YOUR TASK
From the line that contains "ISLE Surf and" through the line that contains "Throwing at the stumps", output every line of the listing below exactly and leave out all the rest.

SOURCE RECORDS
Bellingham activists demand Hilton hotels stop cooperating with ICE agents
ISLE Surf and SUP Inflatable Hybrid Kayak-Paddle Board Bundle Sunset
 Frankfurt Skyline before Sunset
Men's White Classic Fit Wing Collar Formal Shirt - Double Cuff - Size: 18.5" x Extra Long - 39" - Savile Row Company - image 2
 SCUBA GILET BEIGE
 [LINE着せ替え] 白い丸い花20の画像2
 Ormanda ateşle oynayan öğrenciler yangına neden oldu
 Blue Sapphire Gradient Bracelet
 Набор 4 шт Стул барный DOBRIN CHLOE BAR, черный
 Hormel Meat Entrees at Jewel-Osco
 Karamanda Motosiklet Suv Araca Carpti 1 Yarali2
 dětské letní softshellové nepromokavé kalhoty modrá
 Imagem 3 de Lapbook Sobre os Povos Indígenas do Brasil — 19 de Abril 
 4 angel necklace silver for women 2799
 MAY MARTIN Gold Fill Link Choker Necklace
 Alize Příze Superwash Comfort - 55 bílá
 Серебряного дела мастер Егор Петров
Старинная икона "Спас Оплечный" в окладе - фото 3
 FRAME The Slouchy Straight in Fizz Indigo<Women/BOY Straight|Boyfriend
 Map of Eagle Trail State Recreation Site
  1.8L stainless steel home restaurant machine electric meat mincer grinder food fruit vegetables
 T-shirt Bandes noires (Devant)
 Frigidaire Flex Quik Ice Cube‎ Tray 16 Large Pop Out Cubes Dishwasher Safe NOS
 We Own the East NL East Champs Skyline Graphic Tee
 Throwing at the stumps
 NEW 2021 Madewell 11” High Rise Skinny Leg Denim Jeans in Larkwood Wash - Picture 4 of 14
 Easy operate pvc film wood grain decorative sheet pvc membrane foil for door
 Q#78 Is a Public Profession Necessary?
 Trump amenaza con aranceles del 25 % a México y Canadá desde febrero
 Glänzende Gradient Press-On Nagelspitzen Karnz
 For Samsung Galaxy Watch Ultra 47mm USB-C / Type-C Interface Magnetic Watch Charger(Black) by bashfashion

TASK OUTPUT
ISLE Surf and SUP Inflatable Hybrid Kayak-Paddle Board Bundle Sunset
 Frankfurt Skyline before Sunset
Men's White Classic Fit Wing Collar Formal Shirt - Double Cuff - Size: 18.5" x Extra Long - 39" - Savile Row Company - image 2
 SCUBA GILET BEIGE
 [LINE着せ替え] 白い丸い花20の画像2
 Ormanda ateşle oynayan öğrenciler yangına neden oldu
 Blue Sapphire Gradient Bracelet
 Набор 4 шт Стул барный DOBRIN CHLOE BAR, черный
 Hormel Meat Entrees at Jewel-Osco
 Karamanda Motosiklet Suv Araca Carpti 1 Yarali2
 dětské letní softshellové nepromokavé kalhoty modrá
 Imagem 3 de Lapbook Sobre os Povos Indígenas do Brasil — 19 de Abril 
 4 angel necklace silver for women 2799
 MAY MARTIN Gold Fill Link Choker Necklace
 Alize Příze Superwash Comfort - 55 bílá
 Серебряного дела мастер Егор Петров
Старинная икона "Спас Оплечный" в окладе - фото 3
 FRAME The Slouchy Straight in Fizz Indigo<Women/BOY Straight|Boyfriend
 Map of Eagle Trail State Recreation Site
  1.8L stainless steel home restaurant machine electric meat mincer grinder food fruit vegetables
 T-shirt Bandes noires (Devant)
 Frigidaire Flex Quik Ice Cube‎ Tray 16 Large Pop Out Cubes Dishwasher Safe NOS
 We Own the East NL East Champs Skyline Graphic Tee
 Throwing at the stumps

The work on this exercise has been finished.